In student affairs we treat every student like an adult. College is a training ground for the real world, so we don’t baby students — they need to learn how to take care of themselves and it’s our job to teach them.
With that said, we realize what developmental stage students are in. Their brains aren’t fully cooked, so they’re usually going to act like children. But remember: every misstep is a teachable moment. You must help them understand why burning a couch on the quad is not a smart choice.
Also, never let parents schedule appointments for their child. It’s important that students learn to do this on their own. But do be sure to communicate with parents; after all, they pay the bills and want to feel involved even though we can’t legally share any information with them. Unless, of course, their child gets caught smoking pot — then we send a letter home.
Best practices dictate we teach students how to drink alcohol safely. We also need to make sure they understand that underage drinking is a violation of our Community Standards. We will do both presentations on the same day of Orientation, and that night at least four freshmen will be sent to the hospital for alcohol poisoning.
I’m sorry, I should have said “first-year students.” We don’t say “freshmen” anymore because it’s diminutive. Dorms are now called “Living Learning Communities” and we never call students “kids,” except when they do something really stupid, like spray-paint penises on the side of the new Athletics Complex and Snapchat a video of it to everyone on campus.
It’s important not to get jaded in this field, even when a student tries to convince you that the pill they popped on the way into the Spring Concert was just birth control. (By the way, we do encourage the use of contraception.)
Speaking of the Spring Concert, you’ll be asked to volunteer. This isn’t really optional, although I guess you could technically say no. A word of advice: avoid bathroom duty. When the line gets long, students just pee on the floor. And in the hallway. And around the perimeter of most campus buildings. And in each other’s rooms.

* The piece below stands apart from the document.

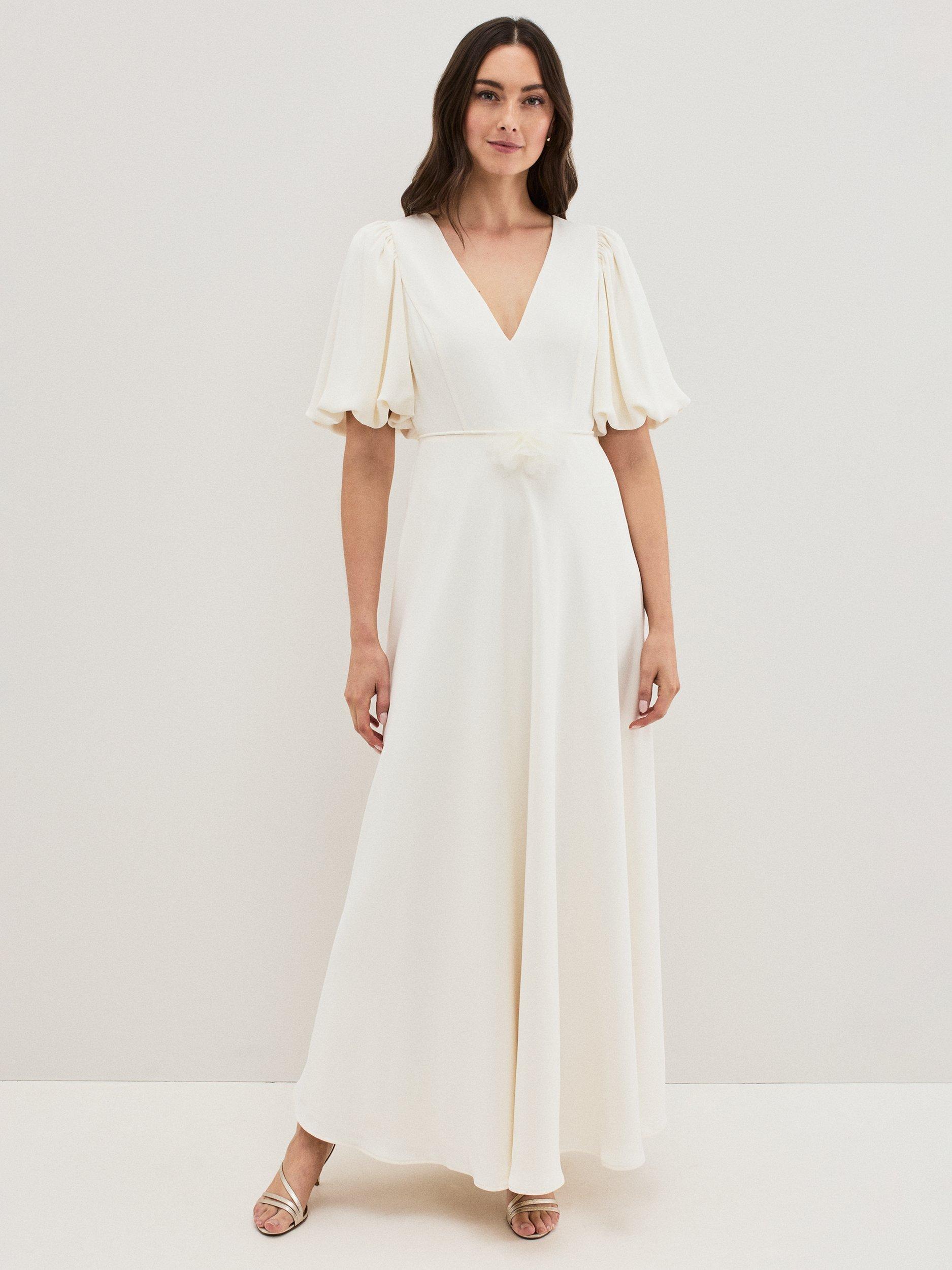 Product image 1 of 11, which shows Phase Eight Ellie Floral Corsage Dress, Cream, 8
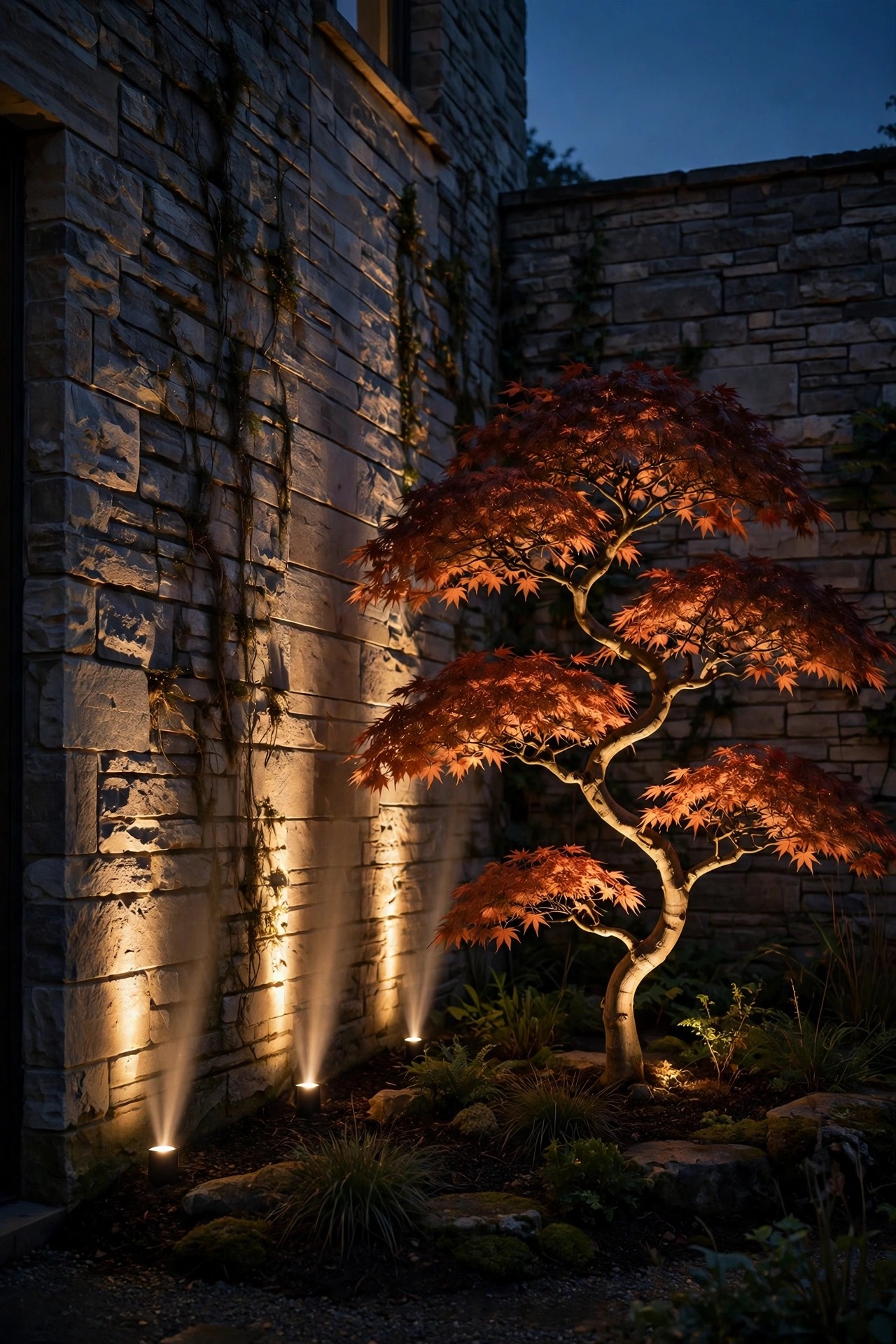 Narrow spotlight beams grazing up a stone facade and uplighting a sculptural maple tree in a front garden at night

Between you and me, the entire campus is covered in urine. Be careful where you sit.
Students today are so arrogant. They think they’re the first ones to hang a sock on the doorknob or exhale through dryer sheets in a cardboard tube. Man, it makes me think of the stuff we got into when I was an undergrad, like when we set up two kegs and an electric generator in the woods and I got so drunk I… well, thank goodness we didn’t have social media in those days, am I right?
You’re really going to love it here. We are more than just co-workers; we are a family. This is important because no one in your actual family will understand what you do for a living. When you say “I work at a university,” everyone will assume you’re faculty and you will get very tired of explaining that, actually, your job is to teach students why it’s inappropriate to have sex in the Student Government Office.
College is a time for growth and learning, and it’s our job to make the experience as fun and memorable as possible for our students. That’s why you’ll be working nights and weekends from August to November. We don’t do it for the money, that’s for sure.